Co-ordinating with the underwater research and survey work, Professor Rack and his UC Gateway Antarctica team, will use specially equipped aerial drones to measure sea ice thickness and snow depth, and will also assist with the navigation of the ‘S.A. Agulhas II’ through the pack ice in the Weddell Sea. The drone measurements will be coordinated with data from an upward-looking AUV to give a better understanding of the sea ice. The UC drones will be operated by a pilot from UC’s Spatial Engineering Research Centre.

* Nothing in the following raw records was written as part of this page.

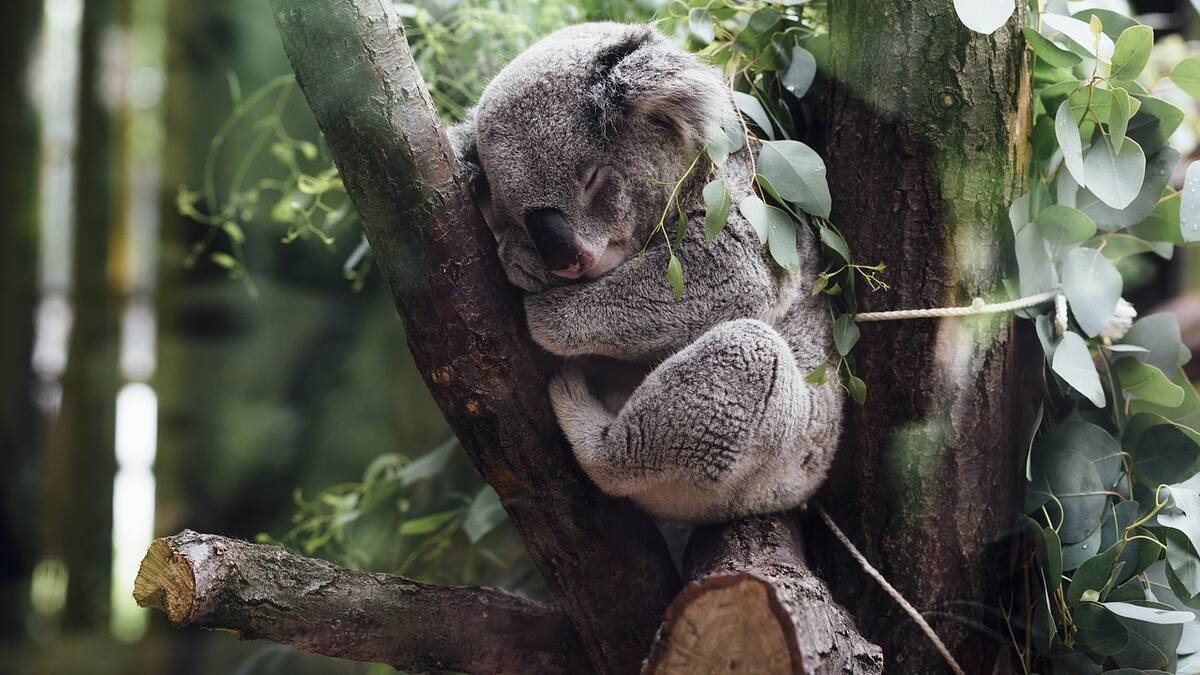 Los koalas ahora son una especie en peligro de extinción en dos estados de Australia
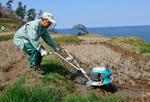 　棚田「白米千枚田」で行われた田起こし作業＝１日午前、石川県輪島市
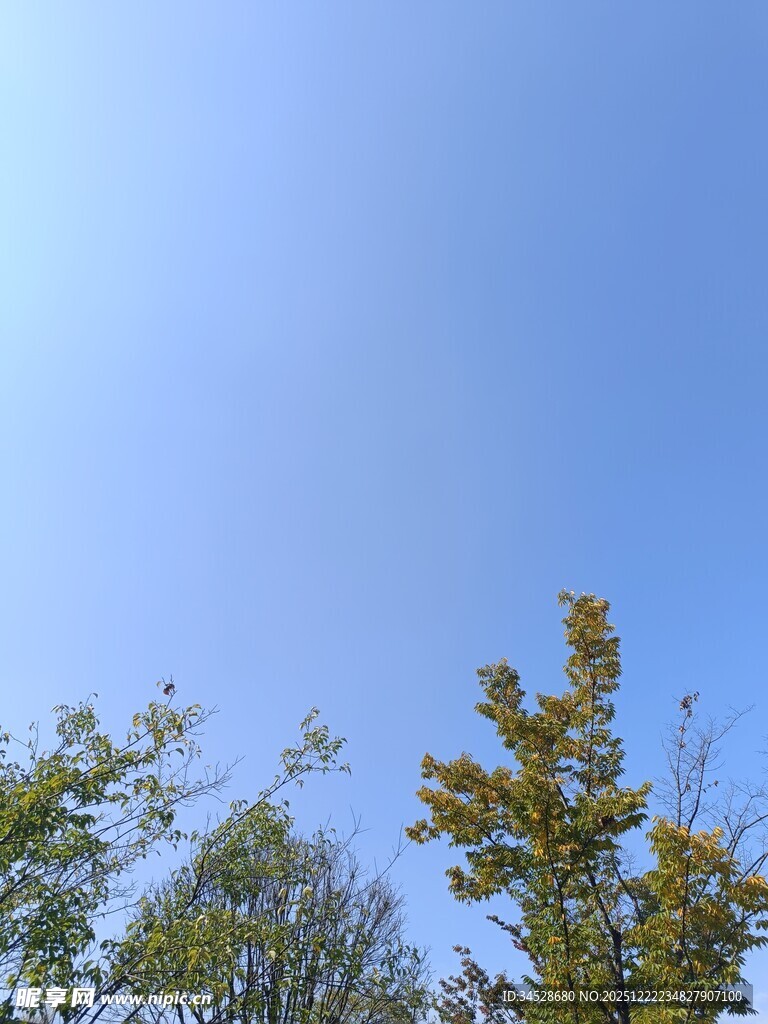 蓝天映衬下的多彩树梢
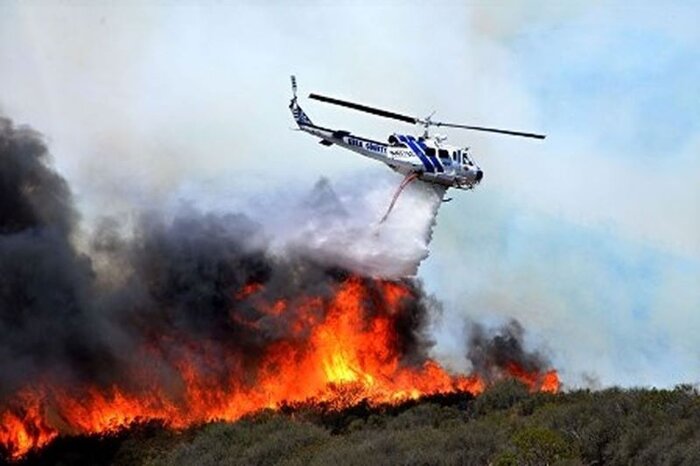 نفس جنگل های هیرکانی به شماره افتاد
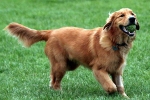 Hunderassen: Golden Retriever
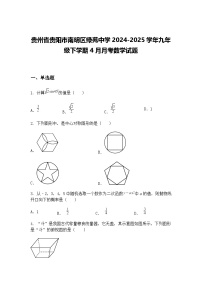 贵州省贵阳市南明区绿苑中学2024-2025学年九年级下学期4月月考数学试题（含答案解析）
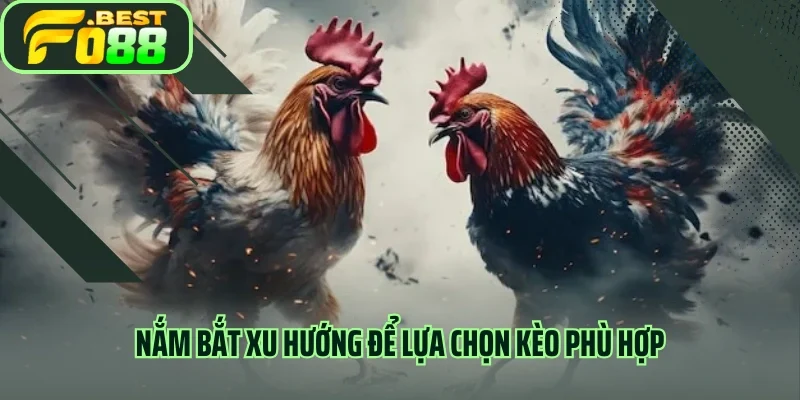 Nắm bắt xu hướng để lựa chọn kèo phù hợp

“As part of the Deep South National Science Challenge, the Spatial Engineering Research Centre at UC developed a drone radar prototype with Lincoln Agritech which allows us to measure snow on sea ice. This is key to estimating ice thickness using satellites, which is what we are going to test during this scientific expedition,” Professor Rack says.
Antarctica has about 1.5 million square kilometres of floating ice shelves, which have been surveyed and studied from above, but only very rarely from beneath. Many of these ice shelves are thinning and retreating rapidly, possibly impacting sea ice, and making scientific investigations here very timely. The Larsen A and B ice shelves collapsed suddenly in a matter of days in 1995 and 2002, respectively, and one of the biggest iceberg calving events ever recorded took place from Larsen C Ice Shelf in July 2017. Sea ice extent in this area seems to be stable, seemingly a climate paradox which is going to be investigated during this voyage.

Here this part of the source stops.